3. World War I Soldiers Suffered High Casualty Rates.
World War I Soldiers Suffered High Casualty Rates.
Examining the numbers of casualties and deaths that occurred during the four years of World War I is one way to understand the violence and slaughter. Although exact figures are still disputed, most experts agree on the following:
Total mobilized forces from all combatant countries were slightly over 65 million.
Of that figure, about 13 percent, or 8.5 million soldiers died.
The total number of wounded, slightly over 21 million, constituted a one in three chance for any soldier receiving a wound or combat injury.

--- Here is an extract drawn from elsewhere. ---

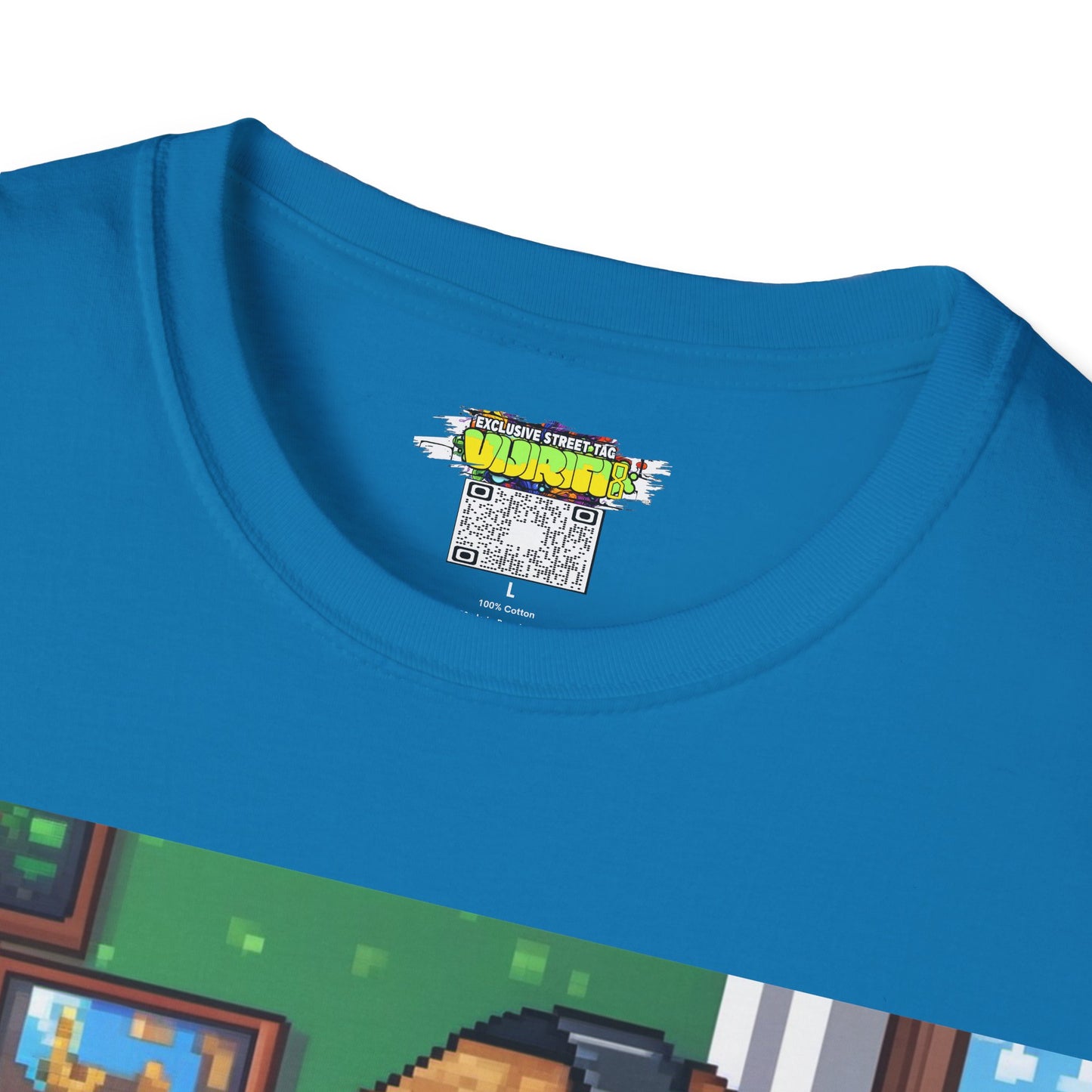 Pixel Art Girl Gamer Here T-Shirt | Vintage Video Game Shirt, Unisex Graphic Tee, Retro Gaming Apparel, Perfect for Gamers & Gift Ideas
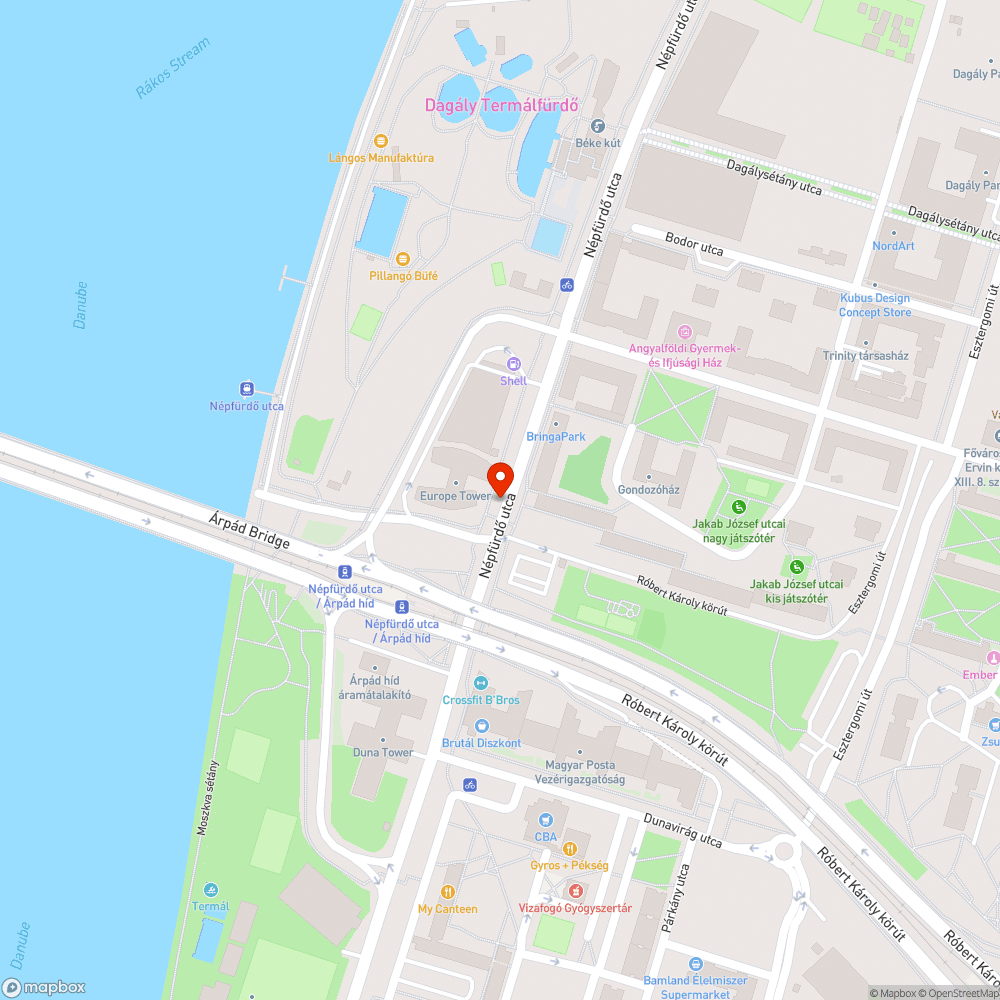 Utcabútor bejelentés helye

Prisoners and missing soldiers comprised another 7.8 million, further inflating the possible high death toll.
Total casualties (over 37.5 million) meant a 57.6% chance that any soldier who fought in World War I would be wounded or killed.
4. Germany’s Kaiser Wilhelm Was British Queen Victoria’s Grandson.
Germany’s Kaiser Wilhelm Was British Queen Victoria’s Grandson.
When Britain went to war against Germany, it amounted to somewhat of a family affair trumped by nationalism. England’s King George V was the Kaiser’s first cousin. The Kaiser was the son of Queen Victoria’s daughter Vicky. Wilhelm put German imperialism and nationalism ahead of family ties, however.